Correct way to freeze a part of a model

yiftach · October 3, 2023, 8:04am

Hi,
I have a (outer) model that contains a (inner) backbone. Normally, they both train. Sometimes, I want to freeze the backbone. As far as I understand, this means:

Once at the beginning - iterate over all parameters and set their requires_grad to False
Make sure that the model is always set to .eval() and not .train(), to make sure it does not do dropout etc.
The second part is what I’m concerned with. What’s the correct way to set the inner model to permanently be on .eval(), such that calling .train() on the outer model does not undo it? e.g.

import torch
from torch import nn

class Inner(nn.Module):
    def __init__(self):
        super().__init__()

        self.fc = nn.Linear()

class Outer(nn.Module):
    def __init__(self):
        super().__init__()

        self.inner = nn.Module()

outer = Outer()
outer.inner.eval()
print(outer.inner.training) # is False as desired

outer.train()
print(outer.inner.training) # is True, not desired

I could override the .train() function of the inner model and make it a no-op, but that seems hacky. What’s the best practice?
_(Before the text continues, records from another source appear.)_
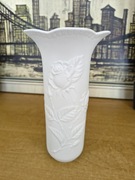 Wazon porcelanowy KAISER Germany – biały, relief róży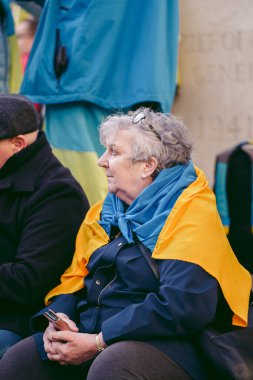 Hükümetin, Londra 'nın 124; İngiltere - 2022.03.12: Ukrayna halkı protesto ediyor, binlercesi Rusya' ya İngiliz Hükümeti, AB ve ABD 'den Ukrayna' daki savaşı durdurmak için daha sert yaptırımlar talep etmek için toplandı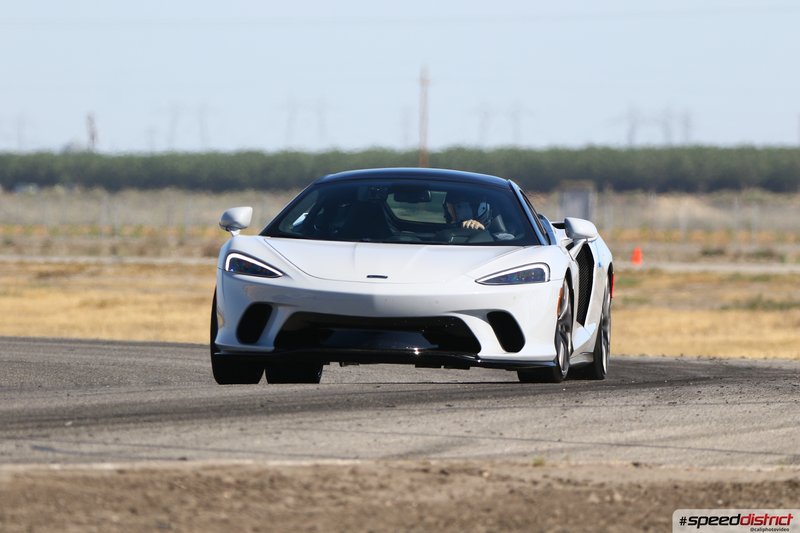 McLaren GT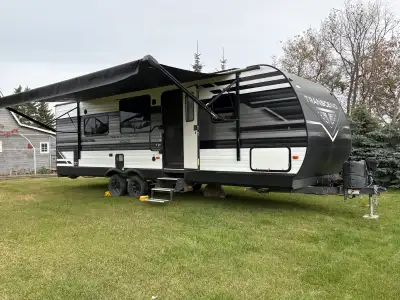 Selling our clean, well-maintained 2021 Grand Design Transcend Xplor 260RB travel trailer. This is a...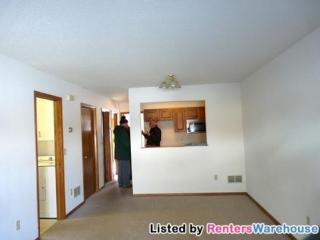 1009 4th St, Princeton MN  55371-1450 exterior
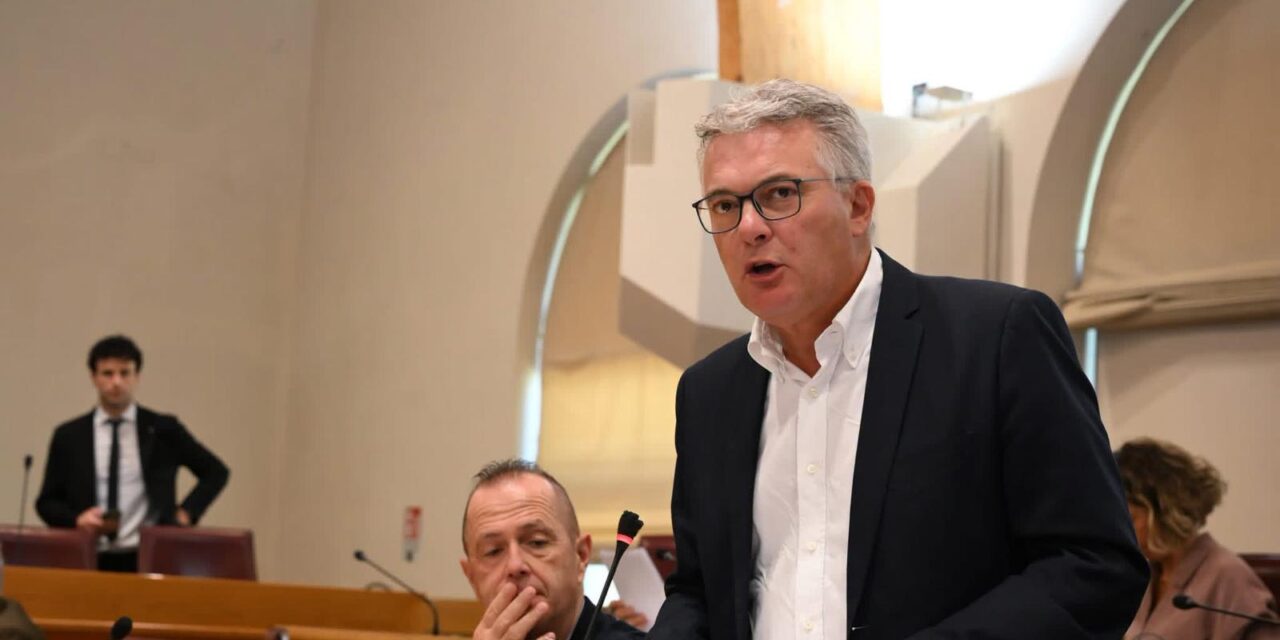 Sanità abruzzese, scontro sui DEA: Teramo al centro del dibattito
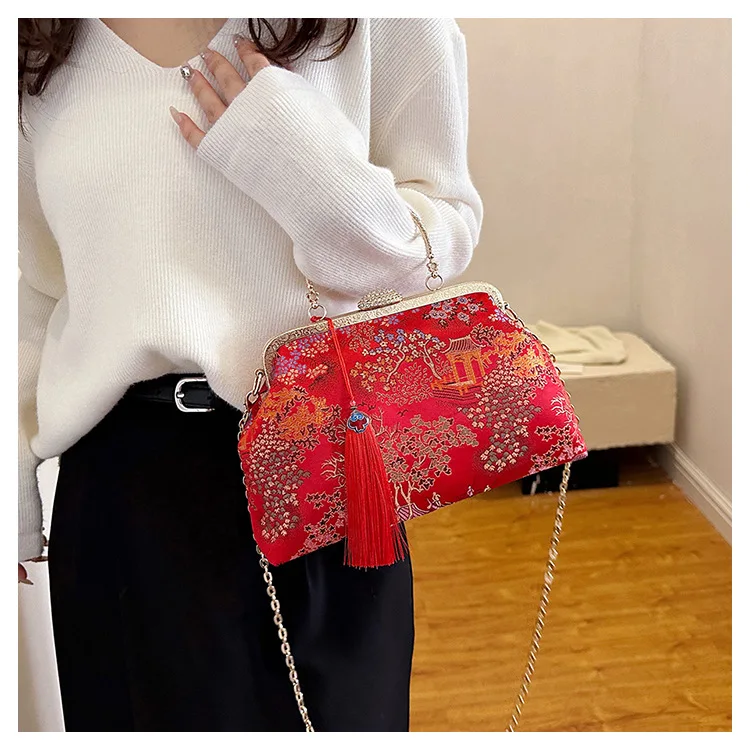 Chinese Style Hanfu Evening Bag For Women Vintage Print Tassel Clutches Metal Handle Handbags Wedding Party Chain Shoulder bag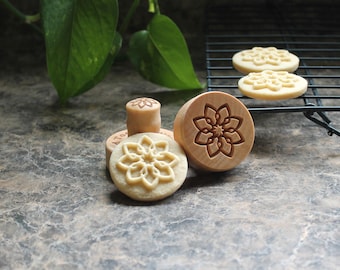 Flower Star 1.6 inch Mini Wood Cookie Stamp Mold CSm-003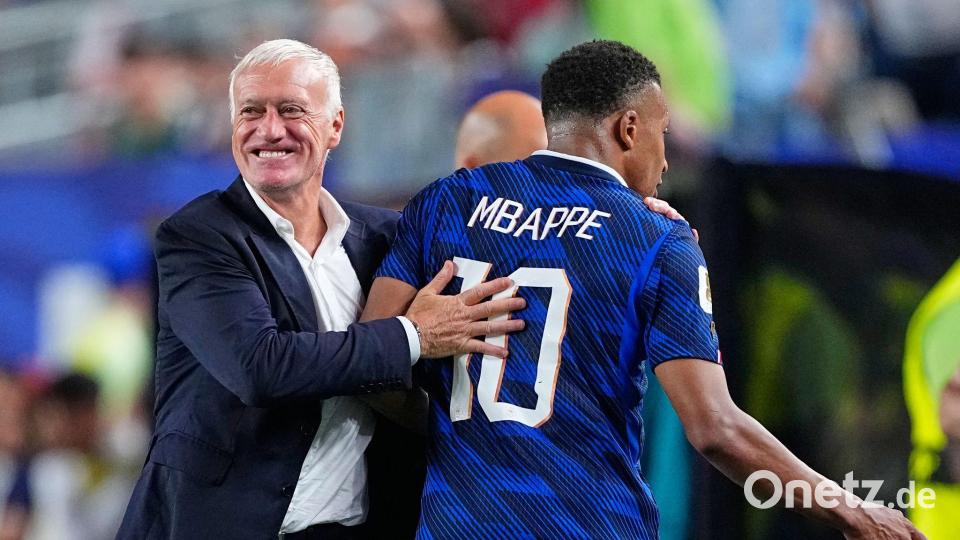 Didier Deschamps gilt als großer Förderer von Kylian Mbappé. (Archivbild) Bild: Petr David Josek/AP/dpa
Karthik_Ganesan · October 3, 2023, 2:14pm

If you try outer.inner.eval() after outer.train(), does that work?

yiftach · October 3, 2023, 2:37pm

That works, but what I want is the cleanest option to mark a module as frozen and not have to think about it again (and having to remember calling outer.inner.eval() after each call to outer.train() is the opposite of that). I could also override outer.train() to always call outer.inner.eval() after it finishes running, but that also doesn’t seem very clean.

Karthik_Ganesan · October 3, 2023, 8:00pm

The only option I can think of that would be ‘cleaner’ might be to define your own class member function(s) to do this. And inside that you can set the .eval() and train() for inner and outer as needed. Because you are doing something somewhat atypical, I don’t feel there would be any other way to do it, using just existing PyTorch functions.

marksaroufim · October 4, 2023, 12:58am

tensor.detach() might be closer to what you’re looking for

yiftach · October 5, 2023, 8:46am

Thanks, but that removes some of the abstraction - the user can no longer use the outer model without knowing about its parts. Ideally, everything would look the same whether inner is a 1. trainable model, 2. a frozen mode or 3. a function - but in your suggestion, as far as I understand, 2. requires different usage.

I’m familiar with tensor.detach() in other cases, could you please elaborate how using it here helps?